- [Provided data]:

══════════

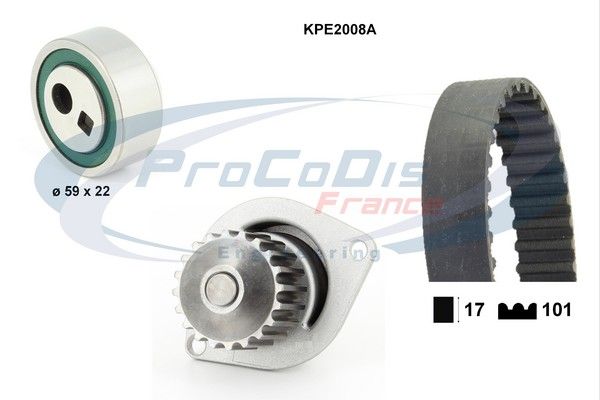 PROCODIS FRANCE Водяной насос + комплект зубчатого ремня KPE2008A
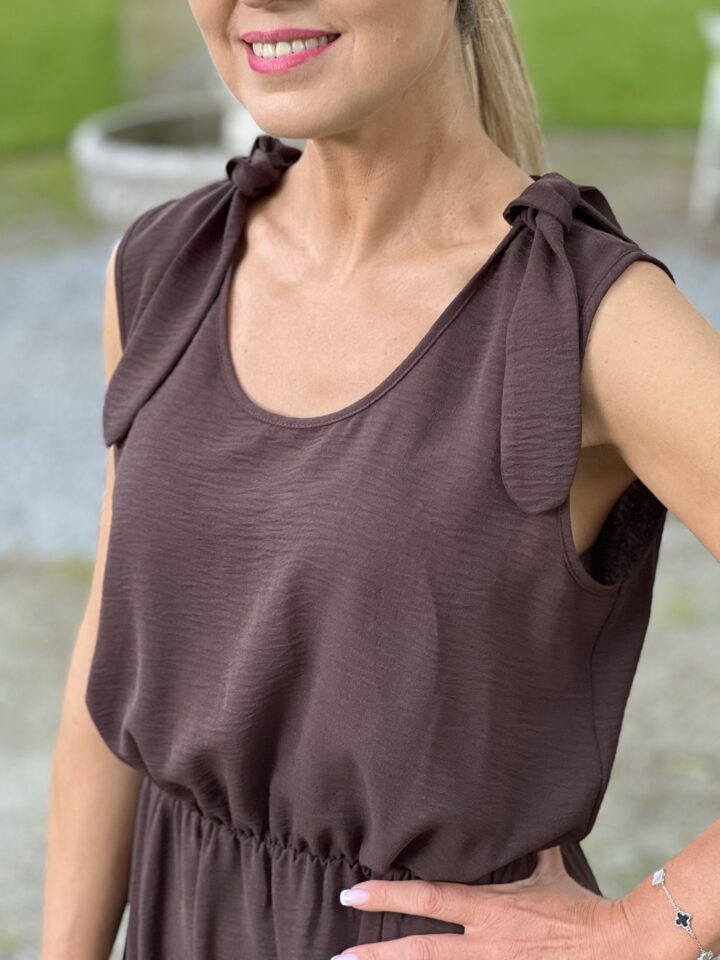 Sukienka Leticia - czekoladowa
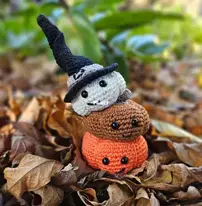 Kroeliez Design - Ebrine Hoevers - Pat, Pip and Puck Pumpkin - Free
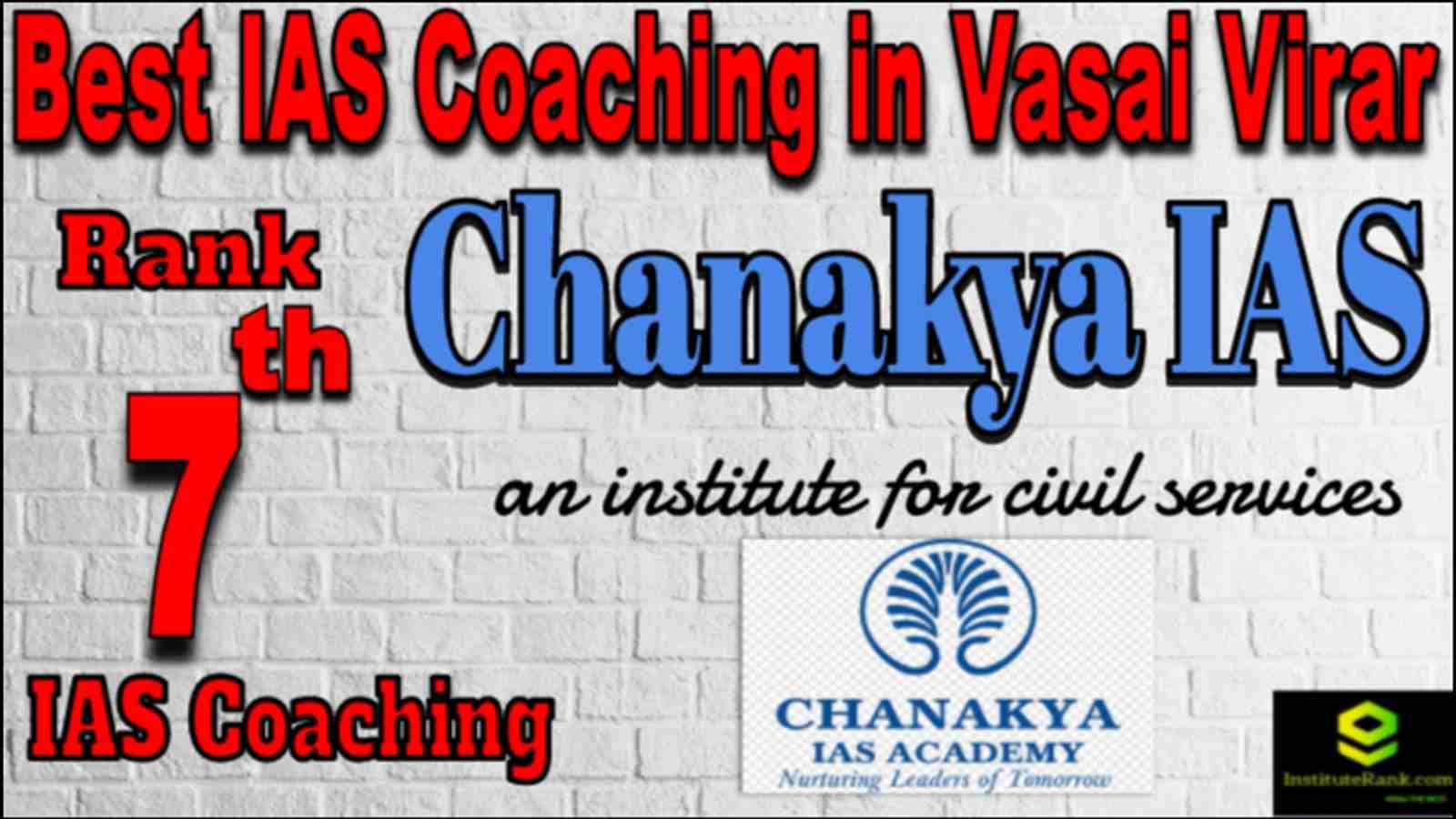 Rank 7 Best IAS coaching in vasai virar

══════════

- [What is expected]: Your reply should hold every line above exactly as written and none of the pictures.

- [Problem solution]:
 PROCODIS FRANCE Водяной насос + комплект зубчатого ремня KPE2008A
 Sukienka Leticia - czekoladowa
 Kroeliez Design - Ebrine Hoevers - Pat, Pip and Puck Pumpkin - Free
 Rank 7 Best IAS coaching in vasai virar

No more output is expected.